# I can't identify this dinosaur! Please Help?



## Taron (Sep 23, 2009)

I found this thing on memorial day and it just happened to be on my line!



















This Flathead was unofficialy 57 pounds with the tail on the ground. The lake scale just wasn't made for my skills I guess. With tail off the ground on a hand scale it registered at 61 but who knows if that is right. I am guessing more around the area of 59 pounds.


----------



## azure89 (Jan 5, 2009)

That is ridiculous!  Nice catch man. I'm guessing you released it since you didn't get an official weight?


----------



## Brien (Aug 27, 2009)

I don't believe you !!!!!


----------



## jubjub47 (Sep 9, 2008)

Hand scales are never accurate. I have a scale at work that is certified for weighing official records in Texas and the hand scales are always about 5lbs off in either direction. If you have a bass pro shops near by they will have a certified scale that will weigh it.


----------



## Julio (Oct 8, 2007)

wow, that is crazy, did you eat it or released it?


----------



## cin_cindi (Apr 15, 2010)

I can help identify it...it's a fish!!! 
(couldn't resist!)


----------



## tclipse (Sep 19, 2009)

dude, that's monster.


----------



## Jadenkisses (Jun 9, 2010)

I'm pretty sure it's a catfish.


----------



## stevenhman (Feb 19, 2008)

Maybe...

*Flathead Catfish* _Pylodictis olivaris ???
_


----------



## andred82vert (Apr 8, 2008)

cin_cindi said:


> I can help identify it...it's a fish!!!
> (couldn't resist!)


ehhh, kinda looks like a baby stegosaurus to me...


----------



## dart_frog_junkie (Apr 9, 2009)

stevenhman said:


> Maybe...
> 
> *Flathead Catfish* _Pylodictis olivaris ???
> _


Yeah, its a flathead catfish. They are usually found in larger rivers and some lakes. I usually catch them in river bends near heavy cover. What were you using for bait?


----------



## SamsonsFrogs (Mar 4, 2009)

Awesome catch man. What pound test where you using?


----------



## zcasc (Dec 8, 2009)

andred82vert said:


> ehhh, kinda looks like a baby stegosaurus to me...


Haha, baby stegosaurus indeed. 

What were you using to angle that thing in?
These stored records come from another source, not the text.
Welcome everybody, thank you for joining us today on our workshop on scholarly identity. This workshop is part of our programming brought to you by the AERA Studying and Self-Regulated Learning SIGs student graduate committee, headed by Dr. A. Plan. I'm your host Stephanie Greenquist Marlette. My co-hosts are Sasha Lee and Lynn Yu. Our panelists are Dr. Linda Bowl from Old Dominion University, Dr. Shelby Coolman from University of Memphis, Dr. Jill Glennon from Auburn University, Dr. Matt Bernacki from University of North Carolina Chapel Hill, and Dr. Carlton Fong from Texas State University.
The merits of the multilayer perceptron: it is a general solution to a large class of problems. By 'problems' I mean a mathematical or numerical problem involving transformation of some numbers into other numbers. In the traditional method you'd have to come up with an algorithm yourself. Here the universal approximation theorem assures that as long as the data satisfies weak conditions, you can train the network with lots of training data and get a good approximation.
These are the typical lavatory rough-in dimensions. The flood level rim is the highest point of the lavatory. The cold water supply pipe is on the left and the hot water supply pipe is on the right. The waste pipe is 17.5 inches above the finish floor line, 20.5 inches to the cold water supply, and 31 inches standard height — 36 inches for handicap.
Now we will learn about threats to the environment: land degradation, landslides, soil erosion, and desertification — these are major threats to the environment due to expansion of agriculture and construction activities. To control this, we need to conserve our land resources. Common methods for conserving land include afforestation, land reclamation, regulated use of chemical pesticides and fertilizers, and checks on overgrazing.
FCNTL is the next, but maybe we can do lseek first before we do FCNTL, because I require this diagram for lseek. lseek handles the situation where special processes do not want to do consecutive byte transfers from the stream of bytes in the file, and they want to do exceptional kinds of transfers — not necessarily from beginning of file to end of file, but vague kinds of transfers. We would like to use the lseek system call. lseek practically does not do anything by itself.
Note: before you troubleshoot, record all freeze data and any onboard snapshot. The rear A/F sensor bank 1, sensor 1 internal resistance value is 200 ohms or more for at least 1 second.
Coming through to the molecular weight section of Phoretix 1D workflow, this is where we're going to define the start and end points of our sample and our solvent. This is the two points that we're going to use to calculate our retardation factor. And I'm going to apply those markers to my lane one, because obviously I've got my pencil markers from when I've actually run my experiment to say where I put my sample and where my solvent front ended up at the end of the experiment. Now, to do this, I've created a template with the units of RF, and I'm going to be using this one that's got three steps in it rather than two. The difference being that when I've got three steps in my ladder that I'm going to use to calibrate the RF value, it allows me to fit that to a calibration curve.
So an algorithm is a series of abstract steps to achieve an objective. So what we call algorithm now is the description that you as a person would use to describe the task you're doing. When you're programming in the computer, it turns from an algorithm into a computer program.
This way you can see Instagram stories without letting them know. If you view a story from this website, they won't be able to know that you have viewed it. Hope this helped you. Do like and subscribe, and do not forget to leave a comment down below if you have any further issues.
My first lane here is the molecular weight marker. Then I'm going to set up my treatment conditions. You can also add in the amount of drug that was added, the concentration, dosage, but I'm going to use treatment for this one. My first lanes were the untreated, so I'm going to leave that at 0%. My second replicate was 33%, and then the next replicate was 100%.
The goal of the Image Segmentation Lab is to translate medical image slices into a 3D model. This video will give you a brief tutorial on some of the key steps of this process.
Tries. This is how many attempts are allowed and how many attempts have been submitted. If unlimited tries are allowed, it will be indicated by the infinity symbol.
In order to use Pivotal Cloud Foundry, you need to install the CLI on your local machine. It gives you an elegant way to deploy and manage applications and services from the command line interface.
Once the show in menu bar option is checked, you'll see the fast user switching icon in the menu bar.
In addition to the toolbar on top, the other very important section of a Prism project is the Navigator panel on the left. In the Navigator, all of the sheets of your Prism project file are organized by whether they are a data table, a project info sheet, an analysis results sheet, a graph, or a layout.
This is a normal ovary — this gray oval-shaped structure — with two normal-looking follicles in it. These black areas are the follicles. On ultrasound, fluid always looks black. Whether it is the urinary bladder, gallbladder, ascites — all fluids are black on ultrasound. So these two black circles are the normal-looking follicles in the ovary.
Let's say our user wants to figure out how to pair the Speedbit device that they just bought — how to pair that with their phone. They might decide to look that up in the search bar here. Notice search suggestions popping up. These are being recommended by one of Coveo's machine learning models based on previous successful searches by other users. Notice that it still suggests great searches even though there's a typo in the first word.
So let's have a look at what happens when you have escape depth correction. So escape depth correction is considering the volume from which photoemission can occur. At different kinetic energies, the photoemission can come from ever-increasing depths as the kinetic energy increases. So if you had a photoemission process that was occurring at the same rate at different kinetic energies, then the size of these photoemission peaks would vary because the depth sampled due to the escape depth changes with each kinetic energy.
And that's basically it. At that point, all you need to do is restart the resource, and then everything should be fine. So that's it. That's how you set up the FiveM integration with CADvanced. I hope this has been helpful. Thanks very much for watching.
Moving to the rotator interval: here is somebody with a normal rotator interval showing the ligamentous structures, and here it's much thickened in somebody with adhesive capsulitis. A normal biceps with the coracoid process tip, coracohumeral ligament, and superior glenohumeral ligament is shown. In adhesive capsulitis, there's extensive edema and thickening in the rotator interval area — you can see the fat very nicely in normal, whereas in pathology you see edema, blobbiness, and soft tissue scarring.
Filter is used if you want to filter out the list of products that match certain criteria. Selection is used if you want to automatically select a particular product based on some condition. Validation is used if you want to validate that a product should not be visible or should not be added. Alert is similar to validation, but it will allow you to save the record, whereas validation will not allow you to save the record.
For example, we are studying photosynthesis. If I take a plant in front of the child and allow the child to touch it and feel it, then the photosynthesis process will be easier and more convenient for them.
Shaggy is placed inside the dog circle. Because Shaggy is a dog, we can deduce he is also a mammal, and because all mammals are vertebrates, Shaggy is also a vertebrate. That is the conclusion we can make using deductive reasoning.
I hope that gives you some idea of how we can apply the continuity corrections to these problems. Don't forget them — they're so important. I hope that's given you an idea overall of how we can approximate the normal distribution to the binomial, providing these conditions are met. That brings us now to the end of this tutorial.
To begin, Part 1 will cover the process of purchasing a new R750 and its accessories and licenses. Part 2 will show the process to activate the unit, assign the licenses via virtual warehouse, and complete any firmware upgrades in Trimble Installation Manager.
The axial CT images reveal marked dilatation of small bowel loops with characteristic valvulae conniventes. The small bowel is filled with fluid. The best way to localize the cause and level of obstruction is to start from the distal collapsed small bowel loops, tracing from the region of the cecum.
Did you have a muskrat on your hook or something?


----------



## zcasc (Dec 8, 2009)

Definitely a Channel Catfish. 

Congrats on that sucker...you could stuff it and turn it into an ottoman.


----------



## dart_frog_junkie (Apr 9, 2009)

zcasc said:


> Definitely a Channel Catfish.


I don't think so... I'm not trying to start an argument or anything but channel cats have an upper jaw that is longer than the lower jaw, and doesn't look to be that way in the first pic. they also have a heavily forked tail. and usually a channel cat won't get over 40lbs at the most... but it's still a great fish


----------



## stevenhman (Feb 19, 2008)

I thought of c channel when I first saw it too. I'm no catfish expert, but like dart frog junkie says their tail fin is a way more "V" shape.


----------



## Taron (Sep 23, 2009)

Hey guys I was joking when I said I didn't know what it was. It is a flathead catfish and the scale was a certified scale but it was a hanging scale and the fish was too long so its tail was laying on the ground. I wish I could say I caught it on a fishing pole but then I would be lying. Truth be told I caught it with a piece of string and a hook and bread. OK so that was a lie as well. LOL. I caught him on a floating trout line in Lake Milford in Kansas. I don't like eating flathead but the game warden did and begged me for the fish. I kept the head and the local warden kept the meat. The lake record was 63 pounds and had I know it was that close to the lake record we probably would have taken the fish directly to weigh in instead of staying out on the water so long. The bait was a perch about 3-4 inches. With a size 4 kahle hook on tensile strength line with balloon floats. We also caught several thirties and the camp next to us caught a 49 pound blue cat. I did do some real fishing and the biggest flathead I caught was 24 pounds.


----------